D. Cerebrospinal fluid (CSF) and human milk

Several papers have been published on the MS-based analysis of formerly N-glycosylated peptides and glycosites from human CSF and milk. From CSF, a total of >1,600 glycosites from ~700 glycoproteins were identified in health and disease-related samples using multiple strategies, including gel separation, reversed phase-anion exchange and hydrazide-based glycopeptide capture [5457]. In human milk, 240 N-glycosylation sites from 114 glycoproteins were identified in human colostrum and mature milk using HILIC enrichment, deglycosylation via PNGase F treatment and MS analysis [5860]. These data might provide insight into the potential applications of some N-glycoproteins in infant formulae at different stages of development.

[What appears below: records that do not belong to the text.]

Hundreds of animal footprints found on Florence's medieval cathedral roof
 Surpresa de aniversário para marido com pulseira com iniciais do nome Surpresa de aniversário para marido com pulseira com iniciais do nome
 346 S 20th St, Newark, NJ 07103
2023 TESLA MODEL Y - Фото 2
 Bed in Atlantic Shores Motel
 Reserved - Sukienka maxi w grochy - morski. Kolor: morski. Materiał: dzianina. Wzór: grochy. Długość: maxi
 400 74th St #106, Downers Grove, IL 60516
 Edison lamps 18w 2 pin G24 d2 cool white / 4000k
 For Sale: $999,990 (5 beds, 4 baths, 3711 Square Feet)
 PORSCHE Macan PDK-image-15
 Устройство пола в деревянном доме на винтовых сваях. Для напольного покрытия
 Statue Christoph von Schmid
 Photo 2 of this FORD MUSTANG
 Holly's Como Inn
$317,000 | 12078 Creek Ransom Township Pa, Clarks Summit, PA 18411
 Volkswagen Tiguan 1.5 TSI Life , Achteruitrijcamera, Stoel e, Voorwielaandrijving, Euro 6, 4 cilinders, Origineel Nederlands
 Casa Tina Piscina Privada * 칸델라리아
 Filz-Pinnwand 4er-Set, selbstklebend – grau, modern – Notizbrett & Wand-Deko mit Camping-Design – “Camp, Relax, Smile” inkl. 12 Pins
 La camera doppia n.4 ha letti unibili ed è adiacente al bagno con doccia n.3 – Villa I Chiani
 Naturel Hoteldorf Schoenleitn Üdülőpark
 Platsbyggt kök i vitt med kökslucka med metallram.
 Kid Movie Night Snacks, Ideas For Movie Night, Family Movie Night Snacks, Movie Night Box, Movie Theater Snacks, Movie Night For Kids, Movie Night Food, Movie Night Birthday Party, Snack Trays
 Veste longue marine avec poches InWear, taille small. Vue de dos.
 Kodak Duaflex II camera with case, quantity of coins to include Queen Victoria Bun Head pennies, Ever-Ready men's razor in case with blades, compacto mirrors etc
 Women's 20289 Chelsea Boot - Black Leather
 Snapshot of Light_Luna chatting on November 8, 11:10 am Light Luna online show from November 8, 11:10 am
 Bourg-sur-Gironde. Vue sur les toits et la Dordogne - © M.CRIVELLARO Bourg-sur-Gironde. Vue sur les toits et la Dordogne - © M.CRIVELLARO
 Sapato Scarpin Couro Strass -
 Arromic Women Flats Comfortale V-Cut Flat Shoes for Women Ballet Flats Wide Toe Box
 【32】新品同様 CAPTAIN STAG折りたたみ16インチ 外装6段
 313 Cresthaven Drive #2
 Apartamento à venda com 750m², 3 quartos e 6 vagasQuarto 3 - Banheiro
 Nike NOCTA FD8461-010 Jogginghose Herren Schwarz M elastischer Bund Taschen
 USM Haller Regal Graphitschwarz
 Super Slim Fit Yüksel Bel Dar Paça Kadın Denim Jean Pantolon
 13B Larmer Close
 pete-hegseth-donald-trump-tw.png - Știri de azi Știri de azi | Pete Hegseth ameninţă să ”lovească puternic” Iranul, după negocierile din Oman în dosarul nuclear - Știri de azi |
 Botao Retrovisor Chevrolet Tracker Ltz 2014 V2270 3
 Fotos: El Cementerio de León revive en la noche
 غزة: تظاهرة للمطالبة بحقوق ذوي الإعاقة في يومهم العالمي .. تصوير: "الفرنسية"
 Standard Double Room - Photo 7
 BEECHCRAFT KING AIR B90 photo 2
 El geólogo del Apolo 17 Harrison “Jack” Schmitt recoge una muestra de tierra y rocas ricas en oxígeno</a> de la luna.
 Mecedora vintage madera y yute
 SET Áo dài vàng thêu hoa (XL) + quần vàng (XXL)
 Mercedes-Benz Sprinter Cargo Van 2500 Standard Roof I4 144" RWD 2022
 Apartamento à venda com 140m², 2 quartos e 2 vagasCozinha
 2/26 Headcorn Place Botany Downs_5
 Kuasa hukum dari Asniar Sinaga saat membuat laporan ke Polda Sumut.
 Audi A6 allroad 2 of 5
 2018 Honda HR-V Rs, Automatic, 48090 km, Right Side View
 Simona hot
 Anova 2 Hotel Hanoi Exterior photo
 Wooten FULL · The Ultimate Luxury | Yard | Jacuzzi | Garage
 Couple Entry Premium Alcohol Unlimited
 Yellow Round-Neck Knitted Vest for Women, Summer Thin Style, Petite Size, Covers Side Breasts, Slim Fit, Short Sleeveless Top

As preferred specimens for biomarker discovery, the analysis of human body fluids is very technically challenging because they contain a large number of proteins that could be modified in a variety of forms. Besides, detection of different diseases may require different body fluids but glycoproteomes of many other body fluids remain unknown, which include tear fluid, bile, bronchoalveolar lavage fluid, synovial fluid, nipple aspirate fluid, amniotic fluid, and so on [61, 62]. Despite these challenges, glycoproteomics of body fluid is still one of the most important and promising ways for the study of human diseases and disease-related biomarker discovery. For the biological studies and potentially clinical utilities, comprehensive and deeper glycoproteomic analysis from body fluids is still needed.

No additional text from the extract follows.